Before introducing trees, here are some essential terminologies:

Let $G$ be a graph and its edges are $e_1,e_2,e_3,e_4,\ldots,e_m$

  1. If edge $e_i = (v_{i-1},v_i)$ for $i = 1,2,3, \ldots, m$ exists and $v_{i-1}$ is adjacent to $v_i$ then we call the sequence a chain from $v_0$ and $v_m$. It is denoted as $v_0v_1\ldots v_m$.
  2. $m$ is called the length of the chain.
  3. If $v_0$ and $v_m$ are the same, then the chain is called a cycle.
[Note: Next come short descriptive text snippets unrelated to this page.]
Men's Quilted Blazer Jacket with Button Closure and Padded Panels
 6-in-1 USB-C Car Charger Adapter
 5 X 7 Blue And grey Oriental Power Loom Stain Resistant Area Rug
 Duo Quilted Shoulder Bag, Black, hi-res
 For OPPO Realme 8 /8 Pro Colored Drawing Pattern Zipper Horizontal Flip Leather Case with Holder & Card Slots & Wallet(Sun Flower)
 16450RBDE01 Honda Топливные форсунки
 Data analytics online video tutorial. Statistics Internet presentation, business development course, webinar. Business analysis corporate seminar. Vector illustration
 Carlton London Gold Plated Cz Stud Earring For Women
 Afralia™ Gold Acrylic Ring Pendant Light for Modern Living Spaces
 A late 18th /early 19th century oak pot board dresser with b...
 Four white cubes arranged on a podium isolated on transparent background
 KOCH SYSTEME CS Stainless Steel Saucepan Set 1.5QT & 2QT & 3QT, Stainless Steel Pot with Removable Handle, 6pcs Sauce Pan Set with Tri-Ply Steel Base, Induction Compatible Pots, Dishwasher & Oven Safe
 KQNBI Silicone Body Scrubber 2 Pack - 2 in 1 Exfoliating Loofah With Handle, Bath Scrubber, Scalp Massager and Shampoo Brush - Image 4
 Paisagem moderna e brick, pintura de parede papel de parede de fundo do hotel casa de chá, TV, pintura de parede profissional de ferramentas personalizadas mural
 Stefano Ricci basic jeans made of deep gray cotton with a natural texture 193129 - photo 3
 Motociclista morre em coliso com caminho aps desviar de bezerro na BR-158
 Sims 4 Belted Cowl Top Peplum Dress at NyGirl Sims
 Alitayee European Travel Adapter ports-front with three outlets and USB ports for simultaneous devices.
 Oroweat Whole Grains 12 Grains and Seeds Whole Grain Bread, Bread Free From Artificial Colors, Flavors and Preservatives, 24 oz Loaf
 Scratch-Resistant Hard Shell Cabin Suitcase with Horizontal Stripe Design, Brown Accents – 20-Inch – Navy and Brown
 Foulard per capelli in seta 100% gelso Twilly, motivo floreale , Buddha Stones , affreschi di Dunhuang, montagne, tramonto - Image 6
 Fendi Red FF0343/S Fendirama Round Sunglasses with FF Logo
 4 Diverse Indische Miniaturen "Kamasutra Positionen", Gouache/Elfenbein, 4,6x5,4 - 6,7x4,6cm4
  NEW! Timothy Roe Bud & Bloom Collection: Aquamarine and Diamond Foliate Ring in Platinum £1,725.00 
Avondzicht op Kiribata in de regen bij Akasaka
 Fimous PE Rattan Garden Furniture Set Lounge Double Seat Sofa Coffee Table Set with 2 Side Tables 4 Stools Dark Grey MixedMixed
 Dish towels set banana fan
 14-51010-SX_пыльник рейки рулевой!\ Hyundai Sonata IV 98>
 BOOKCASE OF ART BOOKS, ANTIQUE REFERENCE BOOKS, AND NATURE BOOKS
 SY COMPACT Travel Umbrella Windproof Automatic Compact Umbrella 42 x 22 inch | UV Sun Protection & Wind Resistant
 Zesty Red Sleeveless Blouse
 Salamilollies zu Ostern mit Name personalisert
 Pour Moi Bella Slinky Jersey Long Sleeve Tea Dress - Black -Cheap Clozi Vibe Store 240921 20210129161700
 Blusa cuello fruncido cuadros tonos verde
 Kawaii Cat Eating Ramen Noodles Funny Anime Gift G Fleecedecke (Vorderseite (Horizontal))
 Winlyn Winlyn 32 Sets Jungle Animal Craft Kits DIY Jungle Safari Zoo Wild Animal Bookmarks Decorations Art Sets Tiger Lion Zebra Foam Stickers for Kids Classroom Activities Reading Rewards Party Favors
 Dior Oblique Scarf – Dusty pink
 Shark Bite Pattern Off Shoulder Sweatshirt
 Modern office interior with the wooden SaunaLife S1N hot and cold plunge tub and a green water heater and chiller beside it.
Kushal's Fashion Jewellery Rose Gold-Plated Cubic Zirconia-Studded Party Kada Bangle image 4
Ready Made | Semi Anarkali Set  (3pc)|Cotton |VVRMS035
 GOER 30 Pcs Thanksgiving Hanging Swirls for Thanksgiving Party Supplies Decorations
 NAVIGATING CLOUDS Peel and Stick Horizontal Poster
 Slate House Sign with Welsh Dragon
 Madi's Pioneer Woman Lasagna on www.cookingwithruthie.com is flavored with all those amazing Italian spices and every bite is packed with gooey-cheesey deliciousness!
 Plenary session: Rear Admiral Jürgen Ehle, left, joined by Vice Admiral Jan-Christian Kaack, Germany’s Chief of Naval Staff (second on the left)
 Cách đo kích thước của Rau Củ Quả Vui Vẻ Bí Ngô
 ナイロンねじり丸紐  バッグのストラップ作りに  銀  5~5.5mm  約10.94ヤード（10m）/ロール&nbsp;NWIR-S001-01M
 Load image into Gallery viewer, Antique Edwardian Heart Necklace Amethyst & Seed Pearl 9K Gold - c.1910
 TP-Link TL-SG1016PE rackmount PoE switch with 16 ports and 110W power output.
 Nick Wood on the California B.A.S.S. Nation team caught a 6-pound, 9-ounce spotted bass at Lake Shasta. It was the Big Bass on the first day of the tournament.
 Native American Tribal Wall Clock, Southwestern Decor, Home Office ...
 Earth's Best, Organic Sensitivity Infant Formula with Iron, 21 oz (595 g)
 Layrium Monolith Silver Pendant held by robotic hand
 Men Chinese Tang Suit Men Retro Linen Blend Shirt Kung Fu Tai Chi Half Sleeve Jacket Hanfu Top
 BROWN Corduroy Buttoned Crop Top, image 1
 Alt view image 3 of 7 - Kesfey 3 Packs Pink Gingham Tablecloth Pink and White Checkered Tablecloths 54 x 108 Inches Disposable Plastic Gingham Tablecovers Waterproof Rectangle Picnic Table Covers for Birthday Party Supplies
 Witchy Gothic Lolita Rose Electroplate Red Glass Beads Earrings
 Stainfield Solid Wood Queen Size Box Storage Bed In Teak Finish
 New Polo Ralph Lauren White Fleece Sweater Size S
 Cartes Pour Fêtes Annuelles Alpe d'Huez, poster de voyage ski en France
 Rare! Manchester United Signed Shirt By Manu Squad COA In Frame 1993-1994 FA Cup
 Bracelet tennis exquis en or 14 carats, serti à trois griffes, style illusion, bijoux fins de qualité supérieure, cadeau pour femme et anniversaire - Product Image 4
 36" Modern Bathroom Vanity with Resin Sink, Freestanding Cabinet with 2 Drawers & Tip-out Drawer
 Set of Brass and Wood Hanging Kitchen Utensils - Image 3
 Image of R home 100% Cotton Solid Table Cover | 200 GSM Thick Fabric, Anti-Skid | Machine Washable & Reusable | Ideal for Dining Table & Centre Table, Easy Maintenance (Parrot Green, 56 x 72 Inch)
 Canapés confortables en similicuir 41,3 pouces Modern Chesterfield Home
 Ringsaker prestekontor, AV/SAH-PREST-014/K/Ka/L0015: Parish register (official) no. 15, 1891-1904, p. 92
Note that the proper definition for a cycle requires all $v_i$ , $i \in \lbrace 2,m-1 \rbrace$ to be distinct and $v_0 = v_m$ however we do not use the distinctness part for use in these notes for simplicity.
  4. If a graph is not cyclic then it is called acyclic.
  5. If a chain exists between ANY two vertices, then the graph is called connected, else the graph is disconnected.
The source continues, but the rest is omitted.